How did the dash cam help you?


----------



## Wiseleo (Feb 8, 2017)

AuxCordBoston said:


> Can you provide more details???
> 
> How did the dash cam help you?


The dash cam gives me ability to say "I have the entire ride recorded on video with GPS and speed stamps and with full audio of everything my passenger said during that ride.". At the beginning of my rides I do a safety briefing that includes "by continuing this ride you agree to be audio and video recorded" and that is audible in the video.

They have not requested to see those videos, but I have them available. Saved three videos today in case I need them. Had two passengers on crutches, on the same line ride, whom I unwittingly asked to walk to a legal pickup spot (I refuse to double park in congested areas and to pickup in red zones).
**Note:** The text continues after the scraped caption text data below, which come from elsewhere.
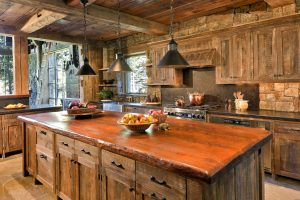 Pedra decorativa na cozinha - 130 opções de design para belos desenhos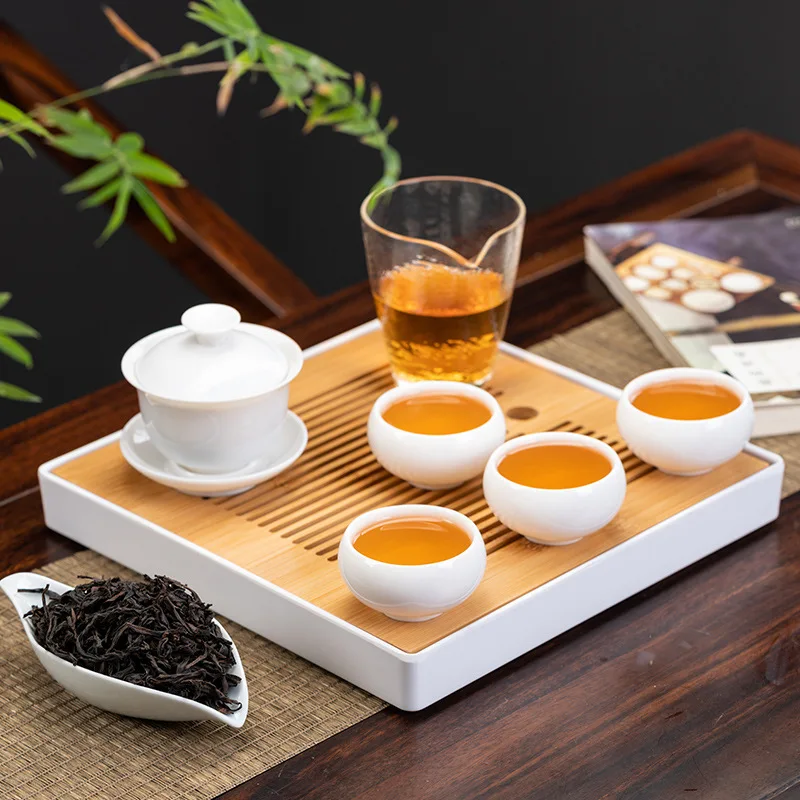 T&eacute; tradicional de carbono tostado Wuyi Rock, fragancia Woody, Wu Sandi, bolsa de burbujas de t&eacute; Cong narciso-3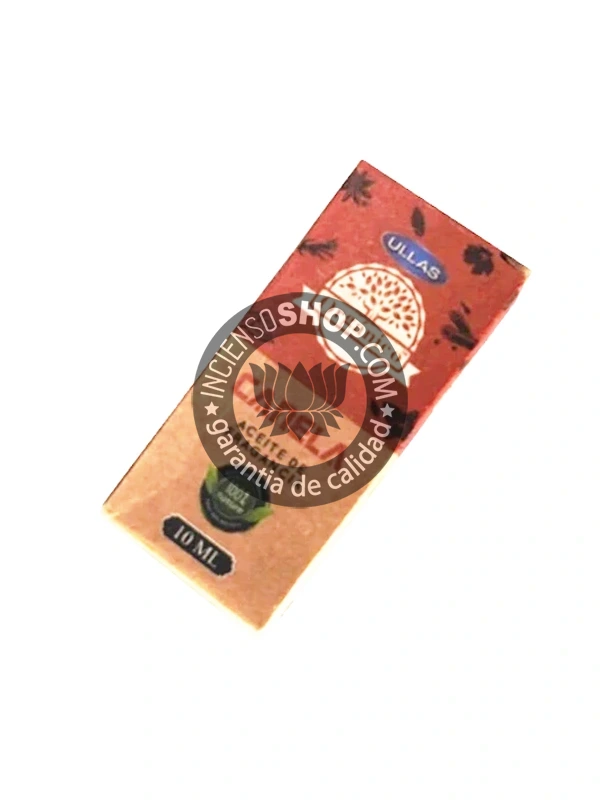 Aceite esencial diluido de canela orgánica de Ullas 10ml
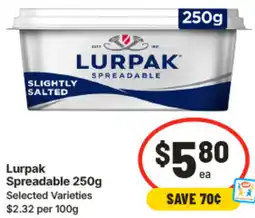 IGA Lurpak Spreadable offer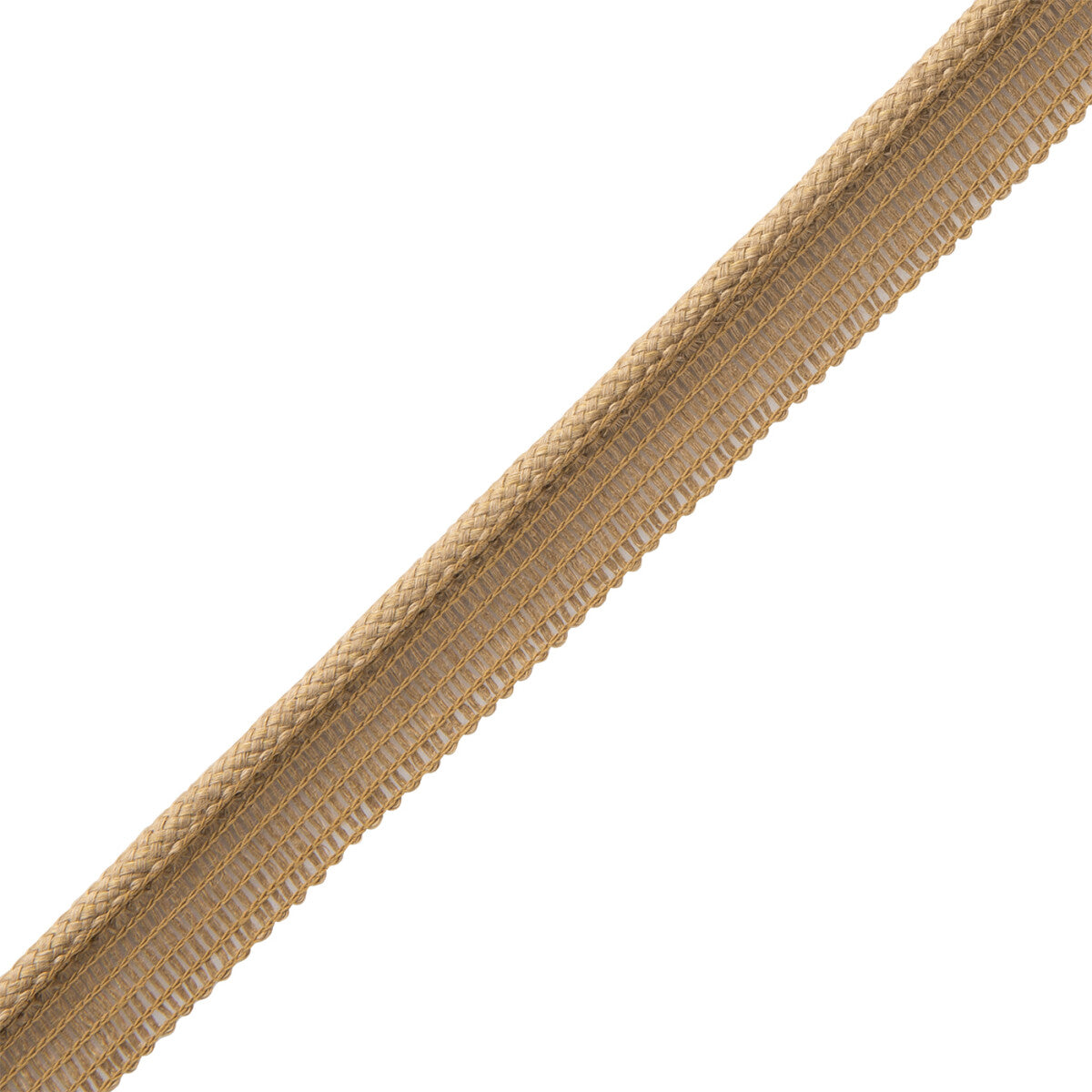 Flanders Cord With Tape Trim by Samuel & Sons in Dulce De Leche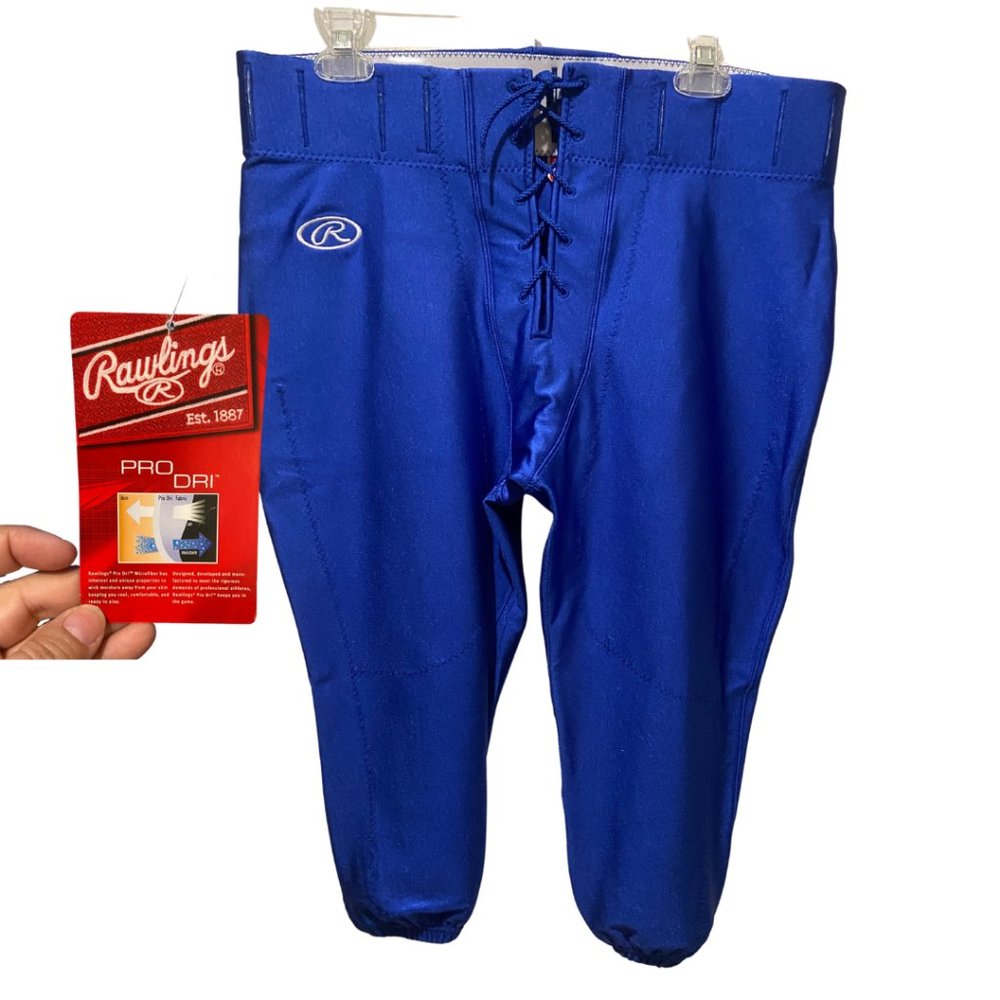 NWT Rawlings pro dri F4535 blue football pant sz XL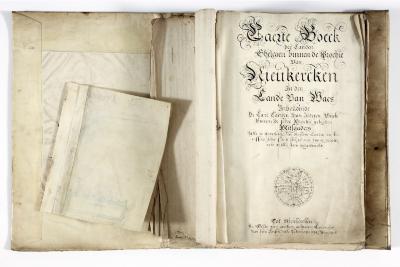 Kaartboek Nieuwkerken, met wijkkaarten, 1726 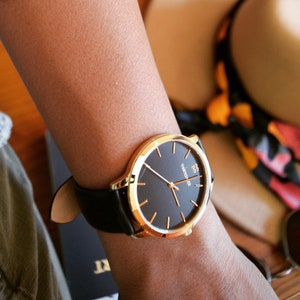 Womens Watches, Gold Watch, Watches for Women, Small Watch, 38mm Watch, Interchangeable Band, Ladies Watch, Gold Watch Women, Gift for Her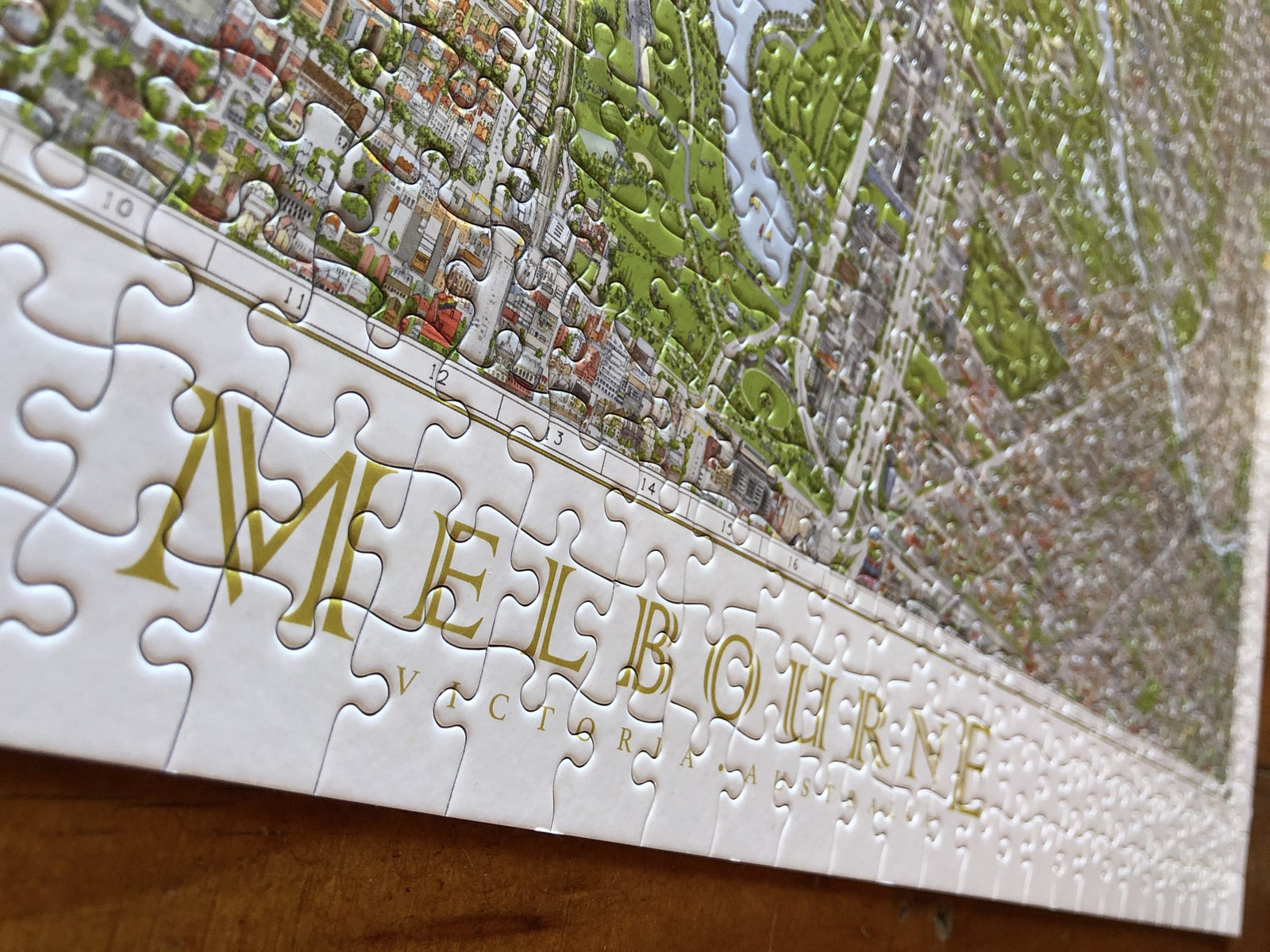 The Melbourne Map 1,000 piece Jigsaw Puzzle – Production Update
I felt like a total jerk after seeing the crutches.

However... Why the f--- is someone on crutches requesting Line?! Those things are cumbersome to fit in a normal car. I have a minivan and so that did not cross my mind until too late.

Another ride had a passenger acting agitated when I arrived near the final drop off location and attempted to exit my vehicle before I parked it. I advised him we were still a few houses from the destination entered in the app and that the doors were automatically locked until manually unlocked by the driver. 3-starred him (or rather his mom) with a detailed description and mentioned I have video of the incident. Now, because it was his mom who ordered the ride I probably will not have to deal with that nonsense, but just in case I do have the evidence of him being verbally abusive.

I recommend the MiVue 320 by Magellan. Plug in to start recording. Unplug to stop. Records about 16 hours on a 64Gb microSD card. Overwrites old recordings automatically. I tried many cams and like this one. Also has a handy database of red light and speed cameras built in. I plug it in as soon as I am on the pickup block or sooner.


----------